Diretor norte-americano Abel Ferrara critica o esquema industrial do cinema

postado em 24/04/2012 09:53
Abel Ferrara não para quieto um segundo. Passou um bom tempo sentado conversando com cinéfilos na sala de cinema do CCBB, onde esteve no último domingo à noite. O debate, ponto alto da mostra que recupera toda a carreira, deixou-o com as pernas duras, talvez. Agora, ele caminha rapidamente, os ombros largos balançando de um jeito engraçado ; um tipo meio gângster nova-iorquino ;, e os braços pesados, movimentados em sequências velozes. Ele põe a mão no bolso, rói o canto da unha e estica o cotovelo para trás, como numa espreguiçadeira invisível. De tão agitado, toma um espresso de pé, quase que de uma vez só. Quando separa os lábios e começa a falar sobre cinema, é o mais sereno e solidário possível.

Ferrara conversou com o Correio na penumbra de um restaurante da 202 Sul. As fontes em tamanho grande do cardápio indicavam massas e outras delícias mediterrâneas. O cineasta de 60 anos preferiu seguir a dieta leve de Shanyn Leigh, atual mulher e atriz de alguns filmes dele: salada com muçarela e bruschettas. Muita gente o chama de herdeiro (rebelde) de Scorsese por seus dramas urbanos perversos e cruéis ; como Vício frenético (1992) e O assassino da furadeira (1979). Mas Ferrara não dá a mínima para o que acontece em Los Angeles. Ele mora desde sempre no outro lado do país, em Nova York, e financia seus trabalhos com produtoras da Europa ou até da América Latina.

ENTREVISTA // ABEL FERRARA

Qual o estado do cinema independente hoje?
Há bons diretores, mas eles têm que provar que são bons. Porque existem duas coisas: há a realização e a distribuição do filme. Agora, a situação da distribuição e todo o negócio são sobre filmes em 3D, feitos com milhões de dólares e para conseguir milhões de dólares. Os filmes que eu amei, que me fizeram querer fazer, os que espero fazer e os que quero ver, para mim, não importa se 10, 10 mil ou 10 milhões de pessoas vão vê-los. Cinema é quando o capital e a arte se encontram. Você pode conseguir uma imagem em Mali ou Pequim e passar o seu ponto de vista para as pessoas.
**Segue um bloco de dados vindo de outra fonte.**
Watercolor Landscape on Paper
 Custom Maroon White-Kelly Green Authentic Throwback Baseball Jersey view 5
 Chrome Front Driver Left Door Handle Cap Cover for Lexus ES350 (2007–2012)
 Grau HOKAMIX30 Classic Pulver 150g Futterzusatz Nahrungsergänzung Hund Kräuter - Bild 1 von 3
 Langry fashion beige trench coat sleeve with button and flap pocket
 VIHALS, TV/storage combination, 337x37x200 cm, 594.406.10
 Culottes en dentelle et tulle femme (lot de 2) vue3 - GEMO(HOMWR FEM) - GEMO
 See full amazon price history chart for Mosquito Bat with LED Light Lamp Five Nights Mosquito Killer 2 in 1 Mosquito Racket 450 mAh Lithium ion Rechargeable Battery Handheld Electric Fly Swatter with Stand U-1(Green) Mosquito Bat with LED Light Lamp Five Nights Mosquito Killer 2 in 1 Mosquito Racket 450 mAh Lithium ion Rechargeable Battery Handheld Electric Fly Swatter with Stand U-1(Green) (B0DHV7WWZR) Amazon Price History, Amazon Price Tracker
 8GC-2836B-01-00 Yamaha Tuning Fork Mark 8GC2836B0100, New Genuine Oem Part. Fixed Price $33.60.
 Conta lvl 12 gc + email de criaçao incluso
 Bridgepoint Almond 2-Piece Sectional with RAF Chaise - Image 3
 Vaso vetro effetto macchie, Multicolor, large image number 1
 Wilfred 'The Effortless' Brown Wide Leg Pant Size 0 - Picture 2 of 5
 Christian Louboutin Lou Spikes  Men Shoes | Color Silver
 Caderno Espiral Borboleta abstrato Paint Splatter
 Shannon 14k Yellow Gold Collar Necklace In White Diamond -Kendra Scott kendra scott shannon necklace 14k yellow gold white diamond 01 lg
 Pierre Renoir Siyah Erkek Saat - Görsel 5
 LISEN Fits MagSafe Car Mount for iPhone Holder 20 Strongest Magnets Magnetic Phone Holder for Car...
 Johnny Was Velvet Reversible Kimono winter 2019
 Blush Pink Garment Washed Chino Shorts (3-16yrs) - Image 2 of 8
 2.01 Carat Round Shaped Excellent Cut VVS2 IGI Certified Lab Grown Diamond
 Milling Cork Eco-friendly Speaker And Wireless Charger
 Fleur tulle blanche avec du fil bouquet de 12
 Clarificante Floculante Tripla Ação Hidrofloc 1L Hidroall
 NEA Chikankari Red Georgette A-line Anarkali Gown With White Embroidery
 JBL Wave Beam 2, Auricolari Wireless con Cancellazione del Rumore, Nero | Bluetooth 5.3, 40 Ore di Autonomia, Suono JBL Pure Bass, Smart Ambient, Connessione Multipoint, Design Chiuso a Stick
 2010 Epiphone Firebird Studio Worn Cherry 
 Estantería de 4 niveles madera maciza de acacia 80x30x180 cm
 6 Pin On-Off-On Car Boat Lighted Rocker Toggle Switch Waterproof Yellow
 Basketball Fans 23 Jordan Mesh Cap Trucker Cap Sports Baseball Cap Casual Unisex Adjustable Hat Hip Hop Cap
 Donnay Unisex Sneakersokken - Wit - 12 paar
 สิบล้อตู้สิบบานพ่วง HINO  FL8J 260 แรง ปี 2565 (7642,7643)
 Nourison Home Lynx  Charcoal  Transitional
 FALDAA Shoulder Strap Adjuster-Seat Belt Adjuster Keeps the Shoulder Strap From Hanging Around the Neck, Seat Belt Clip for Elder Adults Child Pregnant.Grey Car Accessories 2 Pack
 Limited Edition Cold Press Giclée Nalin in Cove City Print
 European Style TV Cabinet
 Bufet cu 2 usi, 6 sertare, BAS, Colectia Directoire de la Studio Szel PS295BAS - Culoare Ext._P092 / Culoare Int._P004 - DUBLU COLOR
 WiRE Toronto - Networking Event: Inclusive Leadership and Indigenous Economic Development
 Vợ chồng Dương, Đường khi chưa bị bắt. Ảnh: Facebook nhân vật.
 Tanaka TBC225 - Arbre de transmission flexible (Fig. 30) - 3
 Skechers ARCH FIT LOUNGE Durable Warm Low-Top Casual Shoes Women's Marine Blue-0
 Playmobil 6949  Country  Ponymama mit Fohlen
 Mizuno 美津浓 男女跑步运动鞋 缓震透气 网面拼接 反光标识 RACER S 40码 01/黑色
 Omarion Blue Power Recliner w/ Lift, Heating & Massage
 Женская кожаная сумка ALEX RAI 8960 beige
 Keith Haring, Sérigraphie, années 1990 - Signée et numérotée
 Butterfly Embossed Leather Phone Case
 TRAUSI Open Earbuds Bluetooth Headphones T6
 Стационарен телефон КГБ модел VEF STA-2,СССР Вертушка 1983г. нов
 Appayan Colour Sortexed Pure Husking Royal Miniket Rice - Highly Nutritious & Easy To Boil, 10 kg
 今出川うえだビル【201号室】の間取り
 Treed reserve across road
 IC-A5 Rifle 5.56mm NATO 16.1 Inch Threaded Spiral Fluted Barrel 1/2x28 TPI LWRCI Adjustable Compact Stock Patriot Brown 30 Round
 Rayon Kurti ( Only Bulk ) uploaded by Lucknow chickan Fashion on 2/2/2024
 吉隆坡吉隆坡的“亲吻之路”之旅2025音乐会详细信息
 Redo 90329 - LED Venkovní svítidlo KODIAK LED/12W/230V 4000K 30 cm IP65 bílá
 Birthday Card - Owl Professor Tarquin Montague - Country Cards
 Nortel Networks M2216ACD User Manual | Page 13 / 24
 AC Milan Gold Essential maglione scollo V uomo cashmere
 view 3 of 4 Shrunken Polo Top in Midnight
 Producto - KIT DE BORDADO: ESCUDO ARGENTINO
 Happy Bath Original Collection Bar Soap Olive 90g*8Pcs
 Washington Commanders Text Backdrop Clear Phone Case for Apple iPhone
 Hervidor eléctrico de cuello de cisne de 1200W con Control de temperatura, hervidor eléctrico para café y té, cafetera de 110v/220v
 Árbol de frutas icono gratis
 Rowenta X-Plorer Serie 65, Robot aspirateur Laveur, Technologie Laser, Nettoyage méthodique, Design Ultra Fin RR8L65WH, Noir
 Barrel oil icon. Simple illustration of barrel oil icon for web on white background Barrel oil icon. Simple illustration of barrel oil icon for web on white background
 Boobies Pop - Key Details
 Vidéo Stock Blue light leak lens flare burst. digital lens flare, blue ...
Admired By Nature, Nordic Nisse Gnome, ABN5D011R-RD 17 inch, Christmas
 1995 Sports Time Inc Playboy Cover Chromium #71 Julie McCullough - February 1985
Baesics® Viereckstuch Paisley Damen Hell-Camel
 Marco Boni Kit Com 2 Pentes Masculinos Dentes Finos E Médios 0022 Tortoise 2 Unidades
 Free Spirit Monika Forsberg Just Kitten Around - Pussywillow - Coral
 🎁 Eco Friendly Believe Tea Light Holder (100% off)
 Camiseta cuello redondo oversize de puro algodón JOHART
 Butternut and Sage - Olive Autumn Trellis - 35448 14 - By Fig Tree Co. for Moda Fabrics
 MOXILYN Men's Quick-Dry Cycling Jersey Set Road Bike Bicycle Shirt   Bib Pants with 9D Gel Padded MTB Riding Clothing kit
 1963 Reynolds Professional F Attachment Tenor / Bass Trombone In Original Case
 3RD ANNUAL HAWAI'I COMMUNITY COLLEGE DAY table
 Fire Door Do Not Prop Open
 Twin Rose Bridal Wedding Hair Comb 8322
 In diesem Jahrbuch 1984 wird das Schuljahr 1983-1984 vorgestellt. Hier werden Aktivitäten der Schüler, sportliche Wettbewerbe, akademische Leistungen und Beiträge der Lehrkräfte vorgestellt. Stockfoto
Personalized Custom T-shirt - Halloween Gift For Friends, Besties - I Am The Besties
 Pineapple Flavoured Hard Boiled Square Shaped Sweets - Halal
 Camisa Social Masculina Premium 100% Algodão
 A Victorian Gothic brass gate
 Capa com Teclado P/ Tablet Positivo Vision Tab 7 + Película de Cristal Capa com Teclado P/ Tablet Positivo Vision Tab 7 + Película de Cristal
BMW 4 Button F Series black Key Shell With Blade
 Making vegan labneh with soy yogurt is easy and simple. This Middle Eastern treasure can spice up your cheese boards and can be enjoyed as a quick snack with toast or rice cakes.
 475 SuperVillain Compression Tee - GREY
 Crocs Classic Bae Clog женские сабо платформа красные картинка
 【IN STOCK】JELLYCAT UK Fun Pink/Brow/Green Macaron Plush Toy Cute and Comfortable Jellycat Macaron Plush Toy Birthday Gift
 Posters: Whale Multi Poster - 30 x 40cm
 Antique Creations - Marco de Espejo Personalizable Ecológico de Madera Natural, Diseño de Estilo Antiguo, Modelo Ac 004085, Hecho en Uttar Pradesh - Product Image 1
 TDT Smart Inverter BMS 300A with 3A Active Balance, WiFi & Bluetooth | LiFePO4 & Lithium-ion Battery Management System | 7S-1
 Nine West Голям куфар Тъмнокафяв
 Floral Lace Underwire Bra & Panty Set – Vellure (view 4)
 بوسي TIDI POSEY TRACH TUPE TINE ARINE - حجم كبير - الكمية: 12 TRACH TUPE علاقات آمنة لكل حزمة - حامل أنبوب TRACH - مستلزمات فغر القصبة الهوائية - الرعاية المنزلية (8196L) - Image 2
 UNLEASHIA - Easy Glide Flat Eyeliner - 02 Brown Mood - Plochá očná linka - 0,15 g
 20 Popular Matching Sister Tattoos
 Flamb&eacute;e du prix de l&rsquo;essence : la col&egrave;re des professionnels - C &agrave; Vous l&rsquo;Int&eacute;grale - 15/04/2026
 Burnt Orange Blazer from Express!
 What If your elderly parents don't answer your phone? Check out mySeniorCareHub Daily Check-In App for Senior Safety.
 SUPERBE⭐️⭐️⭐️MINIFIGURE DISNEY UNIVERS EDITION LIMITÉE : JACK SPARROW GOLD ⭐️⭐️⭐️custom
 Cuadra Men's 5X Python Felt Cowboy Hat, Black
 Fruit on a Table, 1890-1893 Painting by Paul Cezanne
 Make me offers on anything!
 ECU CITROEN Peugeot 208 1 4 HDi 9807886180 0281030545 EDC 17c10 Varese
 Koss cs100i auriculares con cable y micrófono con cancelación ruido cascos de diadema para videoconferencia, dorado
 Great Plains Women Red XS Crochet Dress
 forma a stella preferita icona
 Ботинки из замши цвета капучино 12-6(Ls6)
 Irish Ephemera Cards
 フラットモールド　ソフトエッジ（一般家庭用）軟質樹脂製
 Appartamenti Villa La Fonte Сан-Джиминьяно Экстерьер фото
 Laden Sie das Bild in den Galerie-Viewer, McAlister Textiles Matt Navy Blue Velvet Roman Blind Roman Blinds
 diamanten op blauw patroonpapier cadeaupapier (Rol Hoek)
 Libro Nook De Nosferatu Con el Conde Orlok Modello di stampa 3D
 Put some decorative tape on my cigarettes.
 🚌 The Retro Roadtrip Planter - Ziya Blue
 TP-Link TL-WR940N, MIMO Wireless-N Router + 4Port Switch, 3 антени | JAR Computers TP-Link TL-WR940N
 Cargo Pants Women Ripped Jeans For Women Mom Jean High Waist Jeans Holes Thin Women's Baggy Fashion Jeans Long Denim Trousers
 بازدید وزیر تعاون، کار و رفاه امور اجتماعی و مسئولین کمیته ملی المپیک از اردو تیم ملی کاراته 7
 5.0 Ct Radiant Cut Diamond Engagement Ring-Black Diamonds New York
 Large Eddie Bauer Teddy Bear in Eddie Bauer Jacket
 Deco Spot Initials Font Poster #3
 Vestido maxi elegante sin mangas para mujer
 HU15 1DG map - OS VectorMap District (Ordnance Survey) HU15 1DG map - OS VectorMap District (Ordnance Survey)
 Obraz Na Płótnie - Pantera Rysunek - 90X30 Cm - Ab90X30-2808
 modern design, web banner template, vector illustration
Estamos vivendo num tempo incrível. Não poderia imaginar isso quando comecei a fazer filmes.

Ainda se considera um outsider de Hollywood?
Nem estou em Hollywood. Não tem nada a ver comigo. Eu não vou lá. Houve um período em que trabalhei lá, fiz dinheiro lá, fiz parte do mundo de Hollywood, mas não estou lá agora. Meus filmes são financiados na Europa. Trabalho na internet. Sou um diretor nova-iorquino. Meu último filme (4:44 Last day on earth) foi financiado no Chile e na França. Hollywood é o último lugar no qual eu tentaria levantar dinheiro para os meus filmes. Não quero julgar ninguém, mas eu apenas não faço isso.